The changes to cell contents are not as easily reversable as the connection changes; therefore, to allow better compression, there are two different variants of the content delta format: the irreversible and reversible formats.

The records here are either 'k' followed by a cell id and two content specifications: the contents before and after, and 'K', followed by a cell id and the content after. The same cell may occur in a single delta only once.

The content specifications are a somewhat difficult at the moment since it has not been exactly specified what a cell can contain. Because of this, we shall define two tentative content types: UTF-8 strings and spans.

The UTF-8 strings are escaped by transforming all backslashes into double backslashes and all instances of the newline character (0x0a) into a backslash and the character 'n'.

The spans are stored as a sequence of hex digits (the mediaserver ID), a colon and a comma-separated list of numbers to be interpreted by the span type, and finally a newline.

Space inclusions (primitive slices)

Space inclusion is described below. When including a space, it is necessary to prefix all references to that space by something, since the included space could be or contain e.g. an older version of the current space, or two included spaces could contain some common space etc.

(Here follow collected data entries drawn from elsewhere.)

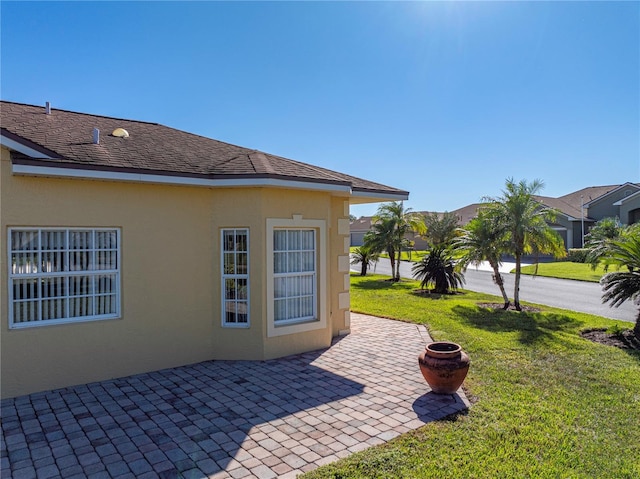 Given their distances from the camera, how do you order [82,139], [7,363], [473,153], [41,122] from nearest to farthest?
[7,363], [82,139], [41,122], [473,153]

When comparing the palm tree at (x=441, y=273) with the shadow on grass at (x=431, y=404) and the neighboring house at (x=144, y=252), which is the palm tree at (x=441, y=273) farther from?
the shadow on grass at (x=431, y=404)

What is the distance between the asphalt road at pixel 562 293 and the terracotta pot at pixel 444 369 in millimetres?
10800

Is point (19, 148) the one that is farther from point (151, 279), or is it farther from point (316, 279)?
point (316, 279)

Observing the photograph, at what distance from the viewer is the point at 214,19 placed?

One important point is that all included spaces are associated with a particular cell in the current space. That cell is then used as a prefix in the cell id, with the format

    (cell):(cell)

where the first cell is the prefix cell and the second is the cell inside that included space.

Example. First, include the space A using ZZ structure (currently interfaced by SimpleCompoundSpace.include()). Then, connect cell 42 in that space to the cell 7 in the current space (of course, this is in a different section of the file). Note the use of the : cell format

    +C1:42_C7

Note: for dimensions, the global identifier with no prefixes is always used.

Transcopy deltas/sections

Benja: XXX update!

Benja: The following section is a proposed extension to the described-- and already implemented-- file format. It assumes some background information available in Documentation/misc/cellids (the content there should probably be moved here or to another .wml document). I consider transcopies to be vividly important and want to implement them... now, so please comment.

I first read that wrong: I thought that you had implemented this design already ;)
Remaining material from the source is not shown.